S.D. Maynagashev, Chamane en transe chevauchant son tambour : adoration de la divinité du feu, début du xxe siècle.

Ana Minski : « Ces techniques sont des outils d’exploration des subjectivités animales, des arbres et des montagnes. Elles permettent d’explorer l’invisible où demeure la dimension intentionnelle du milieu vivant. » Dans notre culture, dès que nous envisageons une subjectivité animale nous sommes accusés d’anthropomorphisme, prêter des intentions ou des émotions aux autres espèces est de l’ordre de la lubie voire de la sottise. Seul le domaine de l’imaginaire est autorisé à octroyer des émotions, des pensées, des intentionnalités aux autres espèces. La valeur sociale de l’imaginaire est réduite à un secteur bien spécifique : les œuvres d’imagination qu’il serait dangereux de confondre avec la réalité. Ainsi, la subjectivité est différente et inférieure à l’objectivité dans la connaissance du monde. Pourtant, comme vous le démontrez tout au long de votre essai, la complémentarité entre subjectif et objectif, imaginaire et réalité, la non-opposition de ces deux aspects de l’esprit humain, est d’une importance capitale pour se situer dans le monde et plus particulièrement développer notre empathie. Cette empathie serait née, selon vous, de notre condition de chasseur. Pensez-vous, comme l’écrit Shepard, que c’est parce que la chasse « confronte le chasseur aux problèmes émotionnels et philosophiques intenses que suggèrent l’acte de tuer et la confrontation avec sa propre mort » ?

Les chamanes sont-ils toujours des chasseurs ? Est-il possible d’observer des différences dans la perception des autres espèces selon le chamanisme pratiqué ?

Charles Stépanoff : L’attitude des sociétés occidentales modernes face aux animaux est complexe, marquée par une distinction radicale entre trois catégories : animal sauvage, animal de rente et animal de compagnie. La subjectivité et la sensibilité de l’animal sont des sujets tout à fait sérieux et légitimes chez nous s’il s’agit de l’animal de compagnie. C’est la fonction première des animaux de compagnie que d’être une source d’affects. L’économie de l’animal support d’affect est considérable. Aux États-Unis, le marché de l’animal de compagnie est passé de 40 milliards de dollars en 2007 à près de 80 milliards en 2019, près de 300 fois le budget de l’État de la Somalie. Or ce qui est très frappant, c’est la séparation entre les animaux à qui nous demandons des affects et ceux à qui nous demandons de la viande. La frontière est pourtant totalement arbitraire : pourquoi demandons-nous des affects au cochon d’Inde alors que les Andins qui l’ont domestiqué lui demandent de la viande ? Dans les sociétés nord-asiatiques, on attend de la viande et des affects d’un même animal, on ne sépare pas comme nous les animaux-sujets des animaux-matière. On mange des animaux tout en les respectant et en leur reconnaissant une âme. Contrairement aux schémas simplistes de Shepard qui oppose terme à terme chasse et élevage, ceci vaut aussi bien pour le chasseur qui tue un ours en honorant son crâne que pour l’éleveur qui tue un mouton en s’excusant auprès de lui, puisque ce chasseur et cet éleveur sont la même personne. La plupart des éleveurs sont aussi chasseurs en Asie du nord. Les chamanes ne sont pas toujours chasseurs, puisqu’il y a beaucoup de femmes chamanes et les femmes chassent rarement.

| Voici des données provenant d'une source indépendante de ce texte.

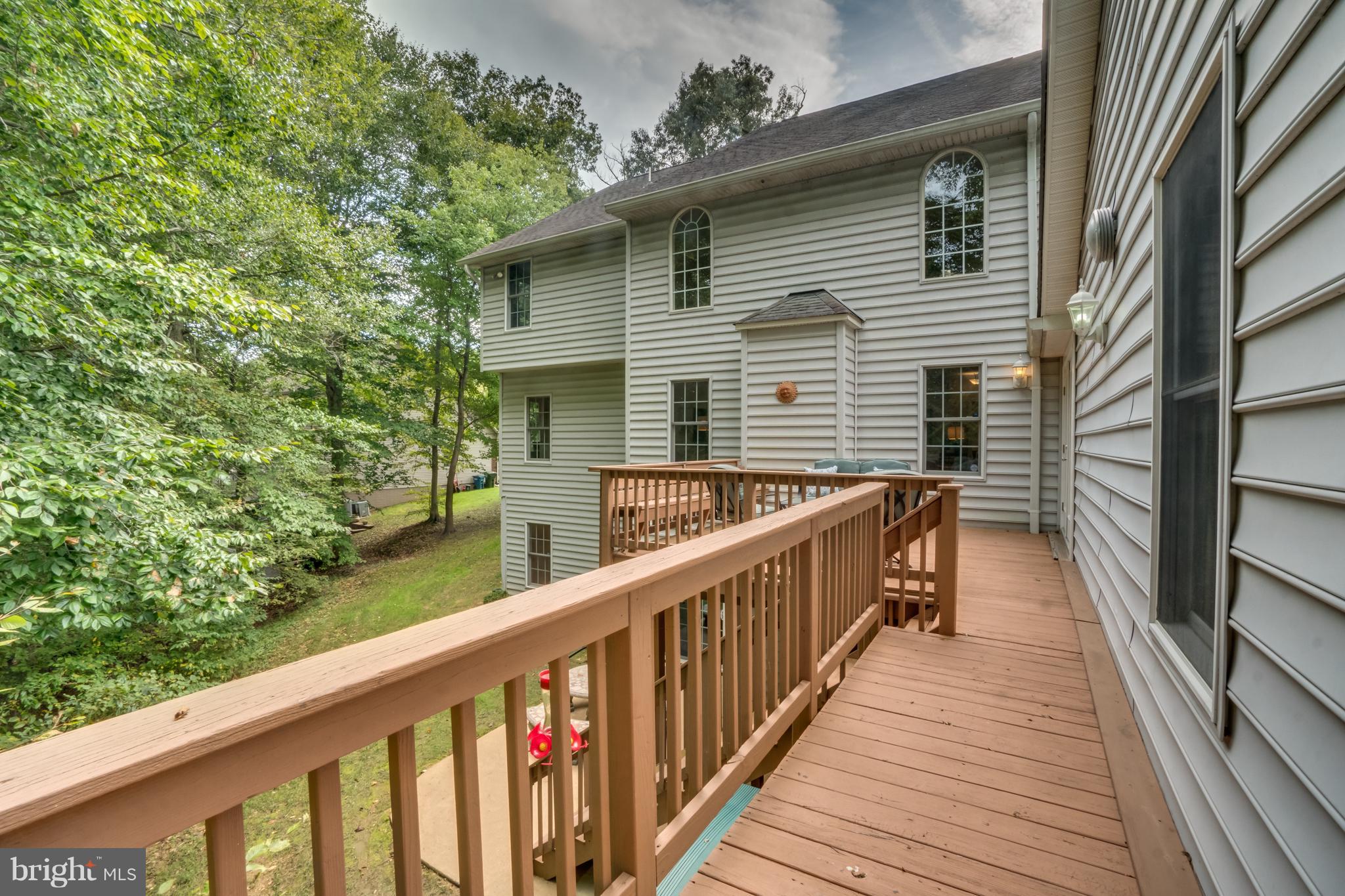 7810 Creekside View Lane Springfield, VA 22153 - Photo 28 of 30 Exterior (Rear)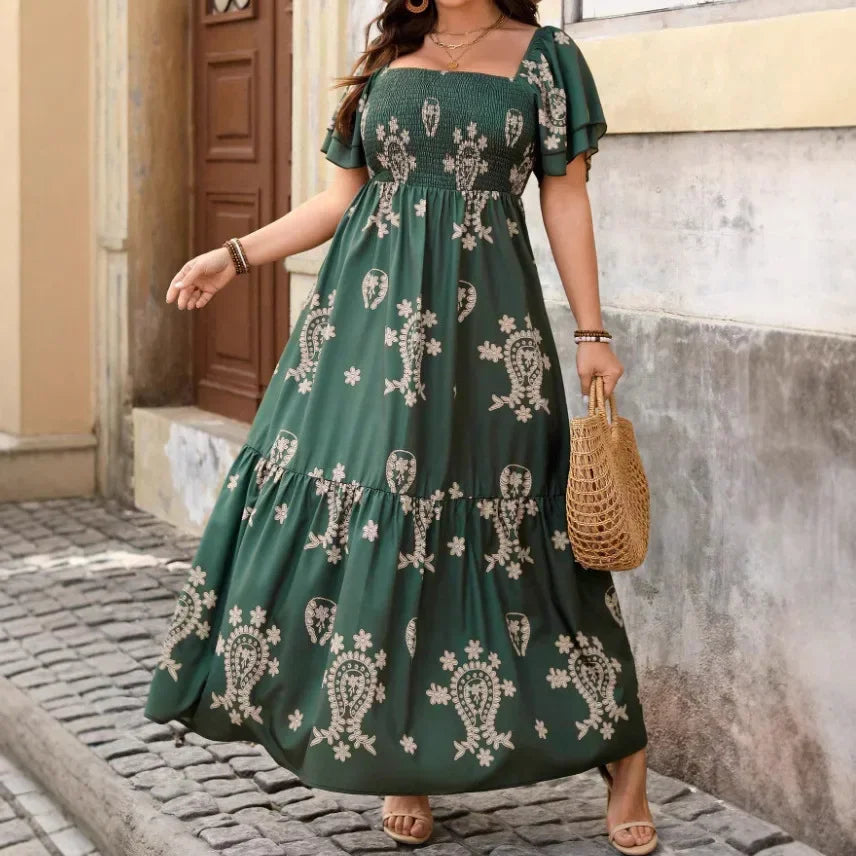 Elaris™ Breeze Flow Dress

Ana Minski : Une théorie sur la naissance de l’art accorde également une grande importance à la chasse. La lecture des empreintes animales aurait été à l’origine de l’art. Cette importance accordée à la chasse ne participe-t-elle pas à ce que Ursula K. Le Guin, dans son court essai La théorie de la fiction-panier, expose, c’est-à-dire l’importance des récits de chasse, plus spectaculaires que les récits de cueillettes, dans le développement d’une société hiérarchisée et patriarcale ? Non pas parce que la femme n’aurait jamais chassé, mais parce que le chasseur, devenu guerrier, valoriserait des qualités dites masculines.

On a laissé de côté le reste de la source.